■ Problem to solve
Each record that follows should be repeated exactly, with no pictures carried over.

■ Material for the task
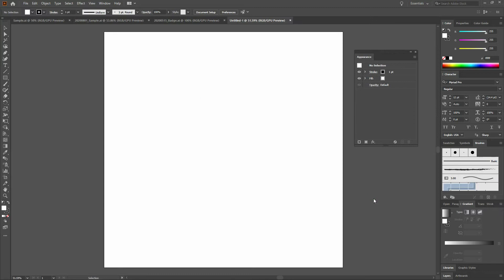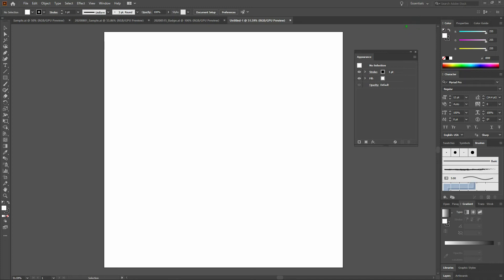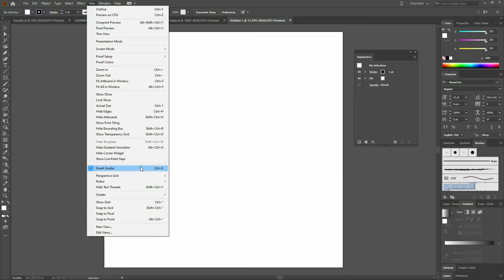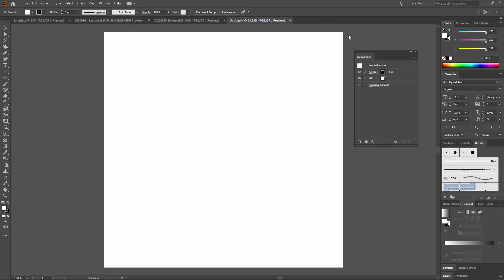Before we get started, I want to remind you that we are using the Essentials layout. To get to the Essentials layout, go to the top right-hand corner of your screen and select Essentials. I also want to mention that we are using Smart Guides. To enable Smart Guides, select View > Smart Guides, or Control-U. Note that on the bottom of the page, we are going to include key command recommendations and various tips and tricks.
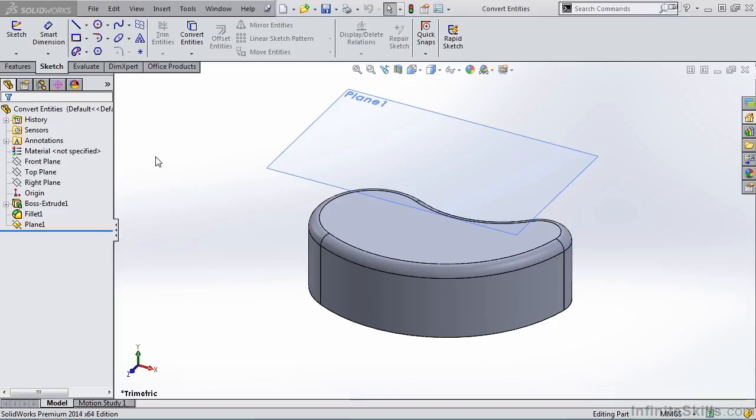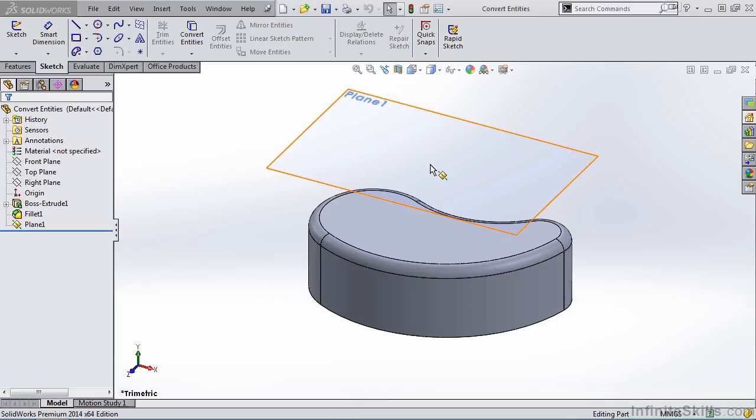What is Convert Entities? Convert Entities allows you to take existing geometry and project it onto your current sketch plane. So what is the benefit of that? Well, it saves you time redrawing geometry which already exists in the model.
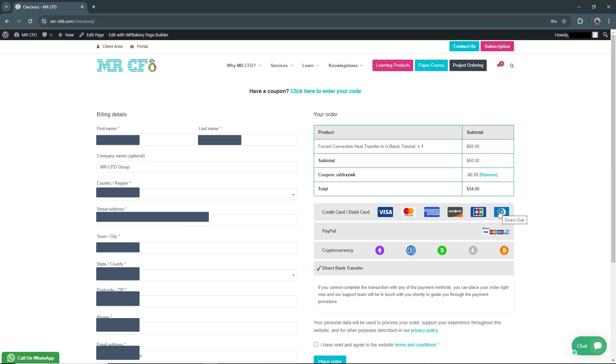PayPal is also available for added convenience. If you prefer, you can pay with various cryptocurrencies like Bitcoin, Bitcoin Cash, Ethereum, Dai, Litecoin, or USD Coin, or even make a direct bank transfer.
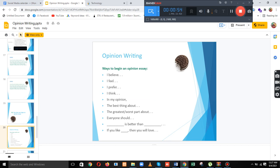Ways to begin an opinion essay: I believe, I feel, I prefer, I think, in my opinion, the best thing about, the greatest or worst part about, everyone should, is better than, and if you like... then you will love.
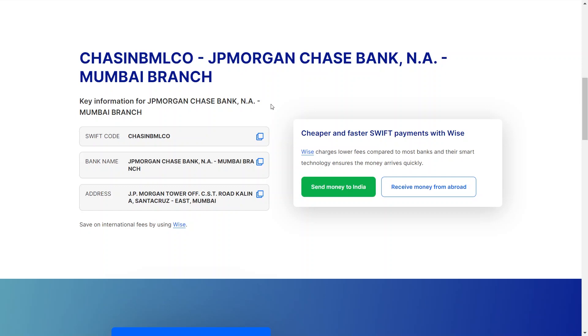That is how you can find the Swift code of Chase Bank. On that note, that will be it for this video. I hope you guys got some value. Thank you for watching, and see you in the next one.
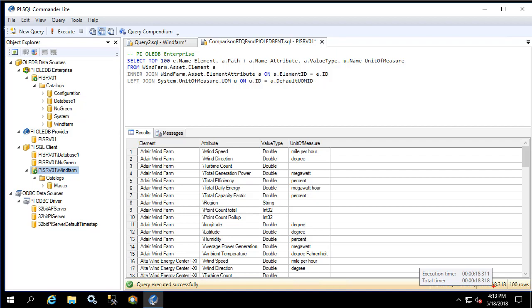It still took a very long time to return these 100 rows because again the query execution is occurring client side. So the client has to know the entire result set prior to figuring out which are the top 100 even though they're not ordered.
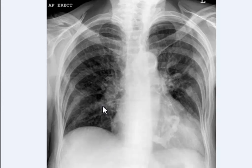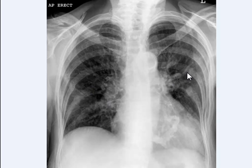This parenchyma is normal for age, but that's how you can differentiate between an old patient and a young patient. Thank you very much.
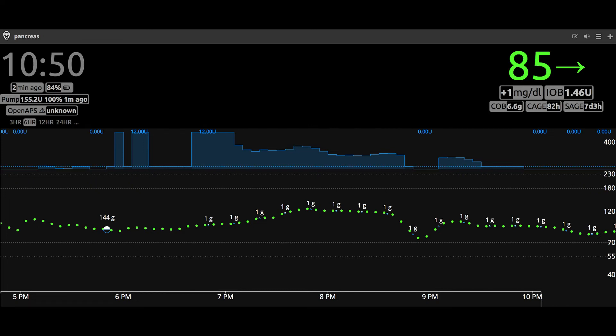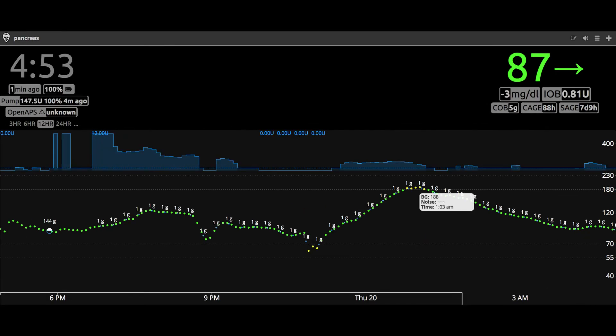Here we are at 11 hours later, and you can see there was quite a spike that started about five hours in — it did go up to 188, which is higher than I'd ideally like. But if I wasn't using this 10 extra units of insulin provided by the square wave, I would probably be at three or four hundred by now.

■ Solution to this task
Before we get started, I want to remind you that we are using the Essentials layout. To get to the Essentials layout, go to the top right-hand corner of your screen and select Essentials. I also want to mention that we are using Smart Guides. To enable Smart Guides, select View > Smart Guides, or Control-U. Note that on the bottom of the page, we are going to include key command recommendations and various tips and tricks.
What is Convert Entities? Convert Entities allows you to take existing geometry and project it onto your current sketch plane. So what is the benefit of that? Well, it saves you time redrawing geometry which already exists in the model.
PayPal is also available for added convenience. If you prefer, you can pay with various cryptocurrencies like Bitcoin, Bitcoin Cash, Ethereum, Dai, Litecoin, or USD Coin, or even make a direct bank transfer.
Ways to begin an opinion essay: I believe, I feel, I prefer, I think, in my opinion, the best thing about, the greatest or worst part about, everyone should, is better than, and if you like... then you will love.
That is how you can find the Swift code of Chase Bank. On that note, that will be it for this video. I hope you guys got some value. Thank you for watching, and see you in the next one.
It still took a very long time to return these 100 rows because again the query execution is occurring client side. So the client has to know the entire result set prior to figuring out which are the top 100 even though they're not ordered.
This parenchyma is normal for age, but that's how you can differentiate between an old patient and a young patient. Thank you very much.
Here we are at 11 hours later, and you can see there was quite a spike that started about five hours in — it did go up to 188, which is higher than I'd ideally like. But if I wasn't using this 10 extra units of insulin provided by the square wave, I would probably be at three or four hundred by now.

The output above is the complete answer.